**TASK BRIEF:** Word for word, repeat the lines of the records from the first line up to and including the line that contains "Now first, we", passing over any pictures.

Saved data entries
::::

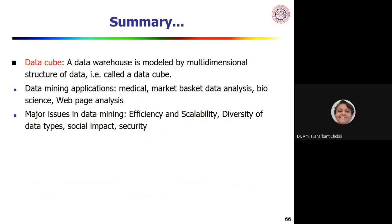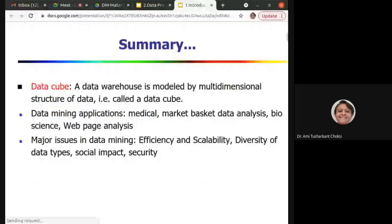A data warehouse is modeled by a multi-dimensional data structure called a data cube. We typically consider three dimensions — x, y, z — forming a cube. Data cube concepts will be important in later topics of this subject, so this foundational understanding is essential before we proceed.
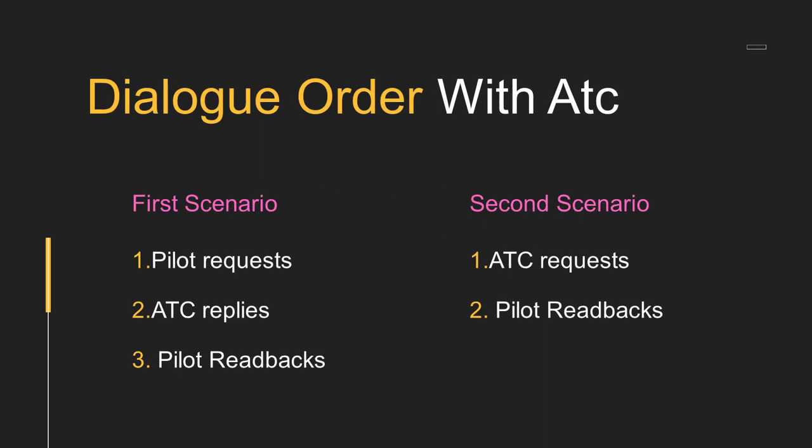Now first, we will talk about dialogue orders with ATC. Talking logic generally works in two scenarios when we are communicating with ATC in aviation. As the first scenario: pilot requests, ATC replies, and pilot readbacks.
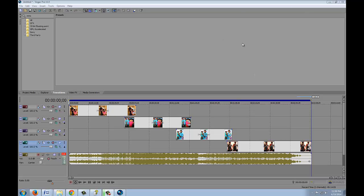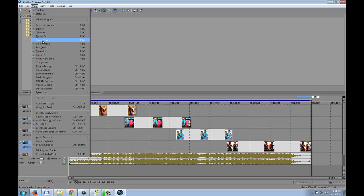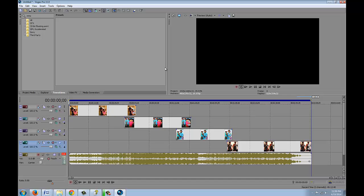So to get straight to it, you go over here to your View option and hit Video Preview—just click on there. Or you can use Alt+4, and there you have your screen.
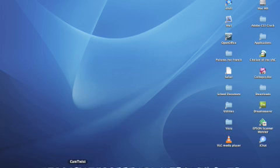CamTwist which is an app that allows me to do all sorts of cool effects on my video.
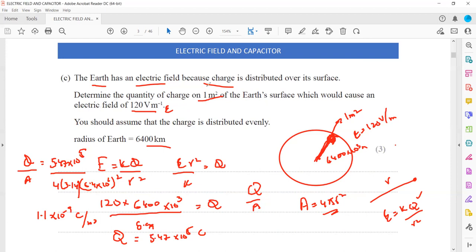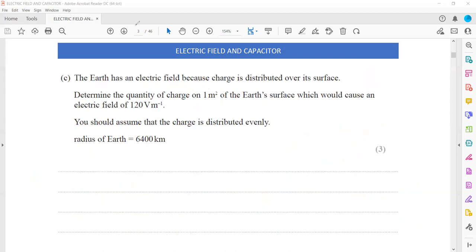The question asks for the quantity of charge on one metre squared of the Earth's surface. By working out total charge divided by total area, we get the charge per unit area. We found the total charge using the electric field strength formula, and the area is 4πr² because the Earth is a sphere.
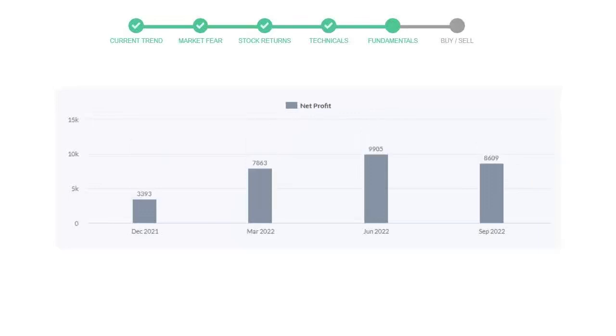Now let's see the profitability of Pfizer. In the quarter June 2022, the profits were $9,905 million. And in the recent quarter, September 2022, the profits declined to $8,609 million.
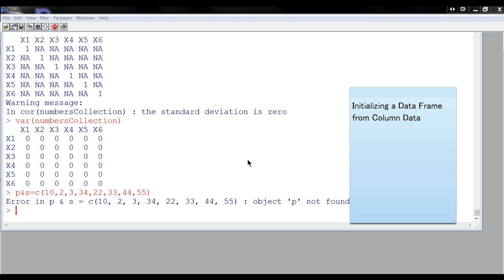Suppose that your data is a bunch of columns and you want to assemble it into a data frame, like a matrix. A data frame is like a matrix, but it can allow for different types of different modes within the same set.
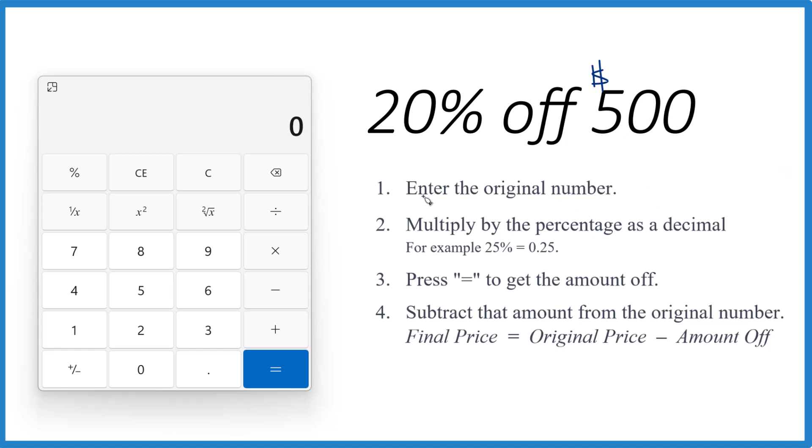So enter the original number, that's going to be the 500, and then we multiply it by the percentage as a decimal. So 20% is going to be 0.2. We're just dividing by 100 to get this decimal here, 0.2.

::::

**SOLUTION TO THIS PROBLEM:**
A data warehouse is modeled by a multi-dimensional data structure called a data cube. We typically consider three dimensions — x, y, z — forming a cube. Data cube concepts will be important in later topics of this subject, so this foundational understanding is essential before we proceed.
Now first, we will talk about dialogue orders with ATC. Talking logic generally works in two scenarios when we are communicating with ATC in aviation. As the first scenario: pilot requests, ATC replies, and pilot readbacks.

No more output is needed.